§ What is expected:
Leave every picture out and return the rest of the listing verbatim.

§ Material provided:
=-=-=-=-=
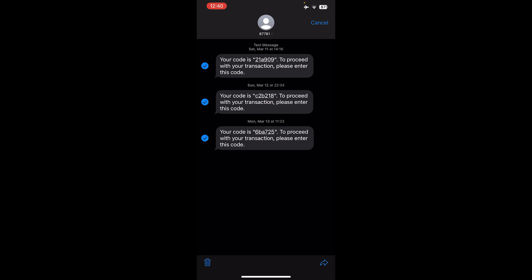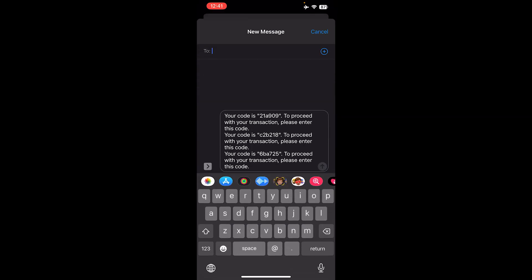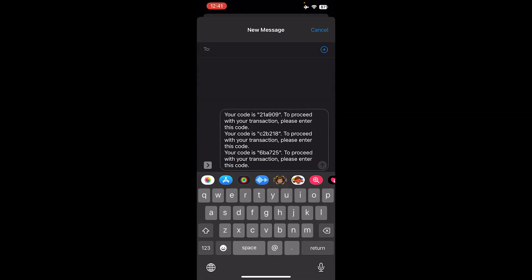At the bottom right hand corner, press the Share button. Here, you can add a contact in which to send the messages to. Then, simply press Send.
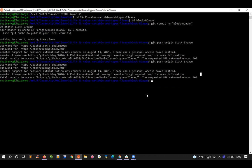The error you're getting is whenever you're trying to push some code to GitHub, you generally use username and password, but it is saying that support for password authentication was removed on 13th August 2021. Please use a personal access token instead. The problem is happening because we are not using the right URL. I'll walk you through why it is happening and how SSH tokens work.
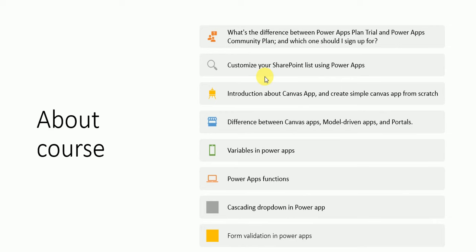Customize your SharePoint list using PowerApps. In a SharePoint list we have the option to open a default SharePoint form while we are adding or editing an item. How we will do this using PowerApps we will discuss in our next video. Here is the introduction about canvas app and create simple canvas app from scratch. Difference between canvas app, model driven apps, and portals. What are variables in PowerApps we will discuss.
=-=-=-=-=
§ Task response:
At the bottom right hand corner, press the Share button. Here, you can add a contact in which to send the messages to. Then, simply press Send.
The error you're getting is whenever you're trying to push some code to GitHub, you generally use username and password, but it is saying that support for password authentication was removed on 13th August 2021. Please use a personal access token instead. The problem is happening because we are not using the right URL. I'll walk you through why it is happening and how SSH tokens work.
Customize your SharePoint list using PowerApps. In a SharePoint list we have the option to open a default SharePoint form while we are adding or editing an item. How we will do this using PowerApps we will discuss in our next video. Here is the introduction about canvas app and create simple canvas app from scratch. Difference between canvas app, model driven apps, and portals. What are variables in PowerApps we will discuss.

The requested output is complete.